* _What the exercise asks_
A faithful transcription of all the data, images excluded, is the required answer.

* _Recorded data_
Content starts

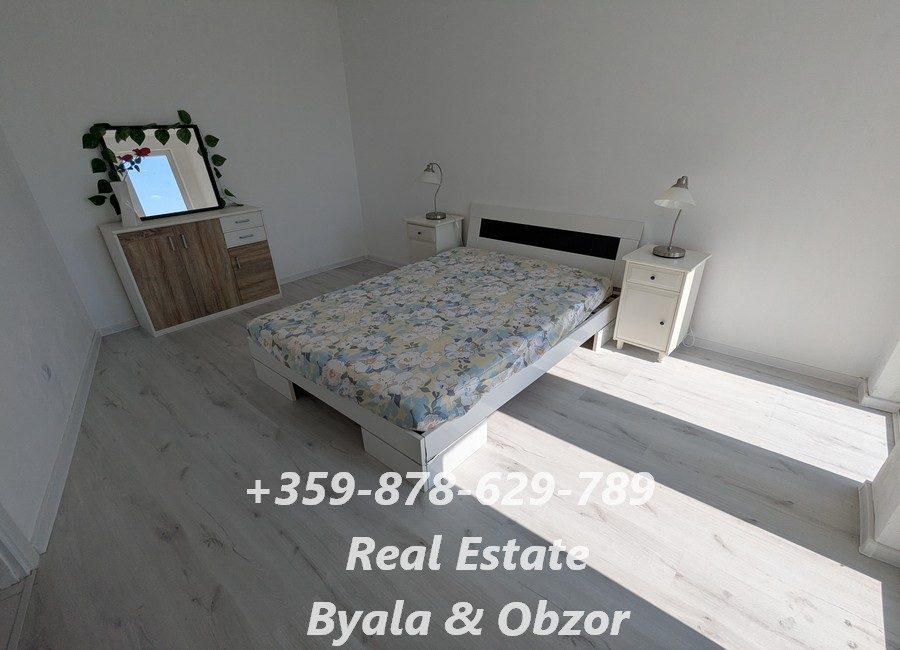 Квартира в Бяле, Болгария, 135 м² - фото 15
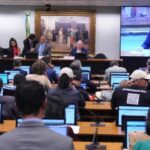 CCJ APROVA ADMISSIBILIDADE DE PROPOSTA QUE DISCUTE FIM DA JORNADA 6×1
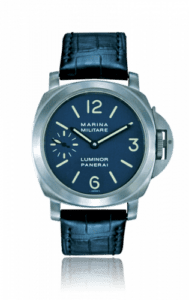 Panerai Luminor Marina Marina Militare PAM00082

Content ends

* _Result of the task_
 Квартира в Бяле, Болгария, 135 м² - фото 15
 CCJ APROVA ADMISSIBILIDADE DE PROPOSTA QUE DISCUTE FIM DA JORNADA 6×1
 Panerai Luminor Marina Marina Militare PAM00082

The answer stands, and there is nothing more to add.